O Observatório da Discriminação Racial no Futebol brasileiro mostrou que em 2019 tivemos 56 casos de suspeita de atitudes racistas, em 2018 ocorreram 44 casos, em 2017 foram 43 e em 2016, 25 denúncias foram reportadas na mídia. Percebe-se que de 2016 a 2019 houve um crescimento absurdo de denúncias. Segundo o diretor do Observatório Racial do Futebol, Marcelo Carvalho, a quantidade de ocorrências cresce anualmente em função da “maior consciência dos torcedores, que agora estão denunciando mais”.
O documentário Outraged mostrou que no esporte Europeu também houve um aumento de casos racistas ou preconceituosos. A jogadora norte americana Megan Rapinoe, vencedora da Bota e da Bola de ouro na premiação da FIFA de 2019, afirma que antes de Donald Trump era mais inaceitável dizer ou ouvir coisas racistas.
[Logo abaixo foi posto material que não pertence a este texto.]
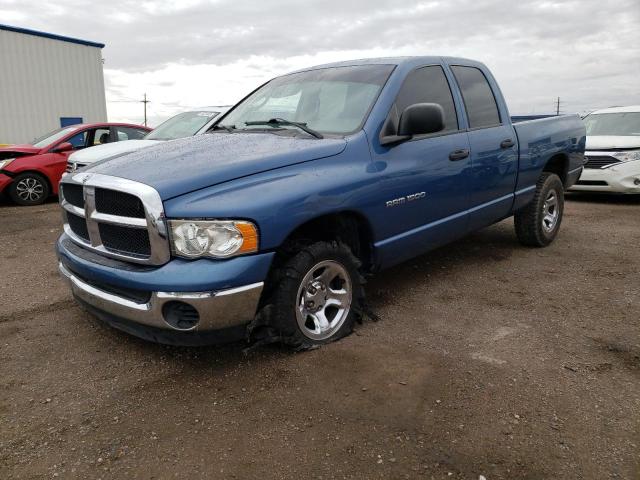 1D7HA18N35S132340 - 2005 DODGE RAM 1500 ST BLUE photo 1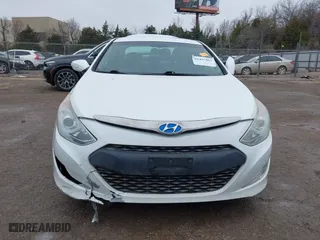 2015 Hyundai Sonata Hybrid Limited with VIN KMHEC4A44FA132151, listed as a IAAI auction lot 41497863 with 88,778 mi miles. Bid and sale history available at carsss.com. Image 12.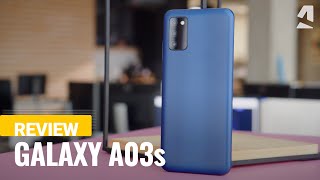 Samsung Galaxy A03s review [upl. by Esiuol778]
Dessa maneira, instiga o telespectador a refletir se os representantes mundiais, ou pessoas influentes tem influência na conduta da sociedade. Infelizmente, o racismo no esporte não tem ficado somente em palavras, mas também tem resultado em ações mais assustadoras como as de torcedores jogarem cascas de banana no campo. (Silva, 2020)
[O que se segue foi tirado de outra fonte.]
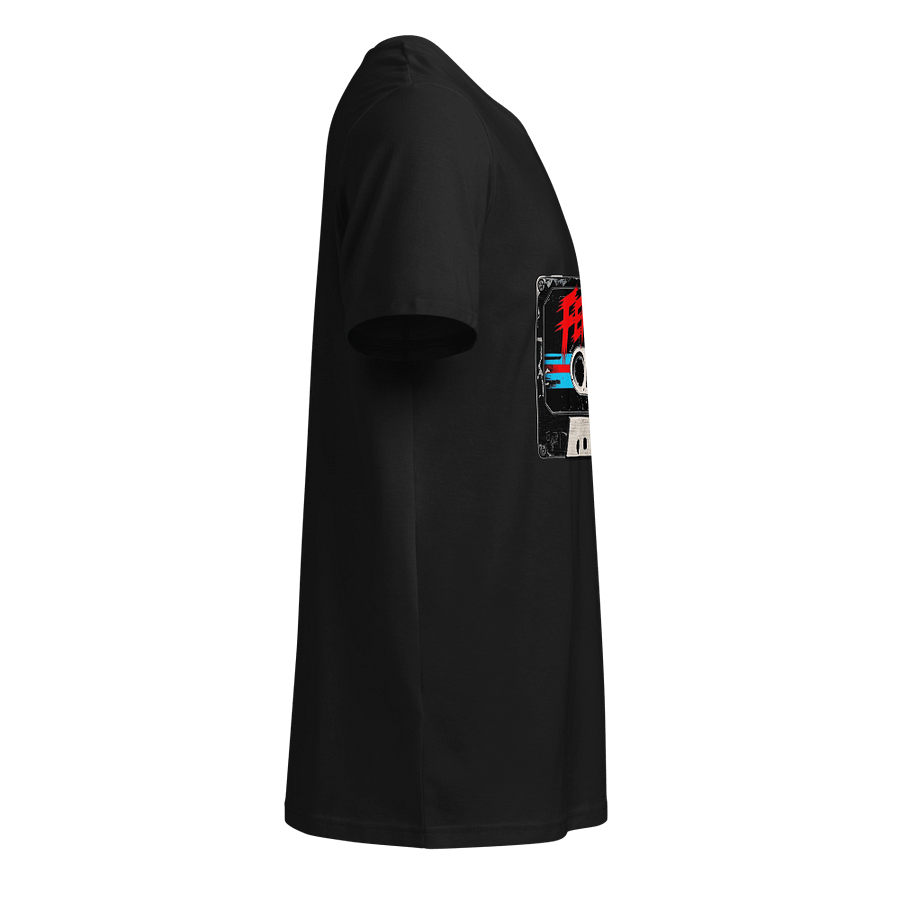 Feral Cry Fiery Cassette Tape T-Shirt product image (8)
Uma das questões denunciadas foi que há pouca representatividade negra em cargos de alto poder, novamente podendo ser um racismo institucional. Por fim, outra questão abordada que faz o telespectador refletir é que as punições muitas das vezes não são aplicadas ou se são aplicadas, são muitas das vezes consideradas fracas e é por este motivo que os atos racistas não conseguem ser combatidos dentro do esporte.
Conclusão
Ao analisar os filmes e o documentário, foi observado que, mesmo em diferentes épocas e modalidades esportivas, as obras compartilham memórias em comum. É relevante destacar que a escolha dos filmes Race, História de uma lenda, Duelo de Titãs buscou uma análise comparativa do racismo no esporte moderno em sociedades estrangeiras. No entanto, é essencial reconhecer possíveis fragilidades ao abordar contextos europeus e americanos, influenciados por narrativas culturais específicas. A delimitação espacial em situações brasileiras busca identificar lições para combater o racismo no esporte nacional, adaptando experiências dos filmes à realidade brasileira, visando promover um ambiente esportivo mais inclusivo e igualitário.
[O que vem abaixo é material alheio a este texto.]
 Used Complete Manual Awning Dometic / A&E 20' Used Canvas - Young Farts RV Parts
Nesse sentido os quadros sociais desempenham um papel fundamental na compreensão do presente, passado e futuro, influenciando a percepção por meio das preocupações individuais inseridas nas relações sociais e nos grupos sociais. Essa abordagem sociológica da memória social permite entender não apenas a identidade e as opiniões individuais, mas também os grupos de referência e a sociedade em que vivemos. A memória é reconstruída e enquadrada simultaneamente, e qualquer atividade humana pode ser utilizada para analisar a sociedade no campo de estudos da memória social. No contexto dos filmes analisados e até mesmo no documentário, a memória social revelou a persistência de insultos racistas contra pessoas negras, como o uso do termo "macacos".
Além disso, houve retratos de segregação nas torcidas, com brancos e negros separados nos filmes Race, A história de uma lenda e Duelo de Titãs. Ainda, de atitudes distintas em relação aos heróis negros. Os filmes também compartilham a memória de ameaças enfrentadas por personagens negros e a necessidade de aceitar a miscigenação racial nos times. Em alguns casos, o esporte foi capaz de unir sociedades divididas pela segregação racial, como retratado em Duelo de Titãs e Invictus. No entanto, é importante ressaltar que a memória social pode tanto contribuir para superar traumas históricos relacionados ao racismo quanto perpetuar estereótipos e preconceitos. Infelizmente, o racismo ainda persiste no esporte e na sociedade em geral, e casos têm sido registrados com aumento, possivelmente devido à cultura da denúncia. Diferentes formas de racismo foram identificadas, principalmente a presença do racismo estrutural, mas o racismo individual e institucional também se faz presentes.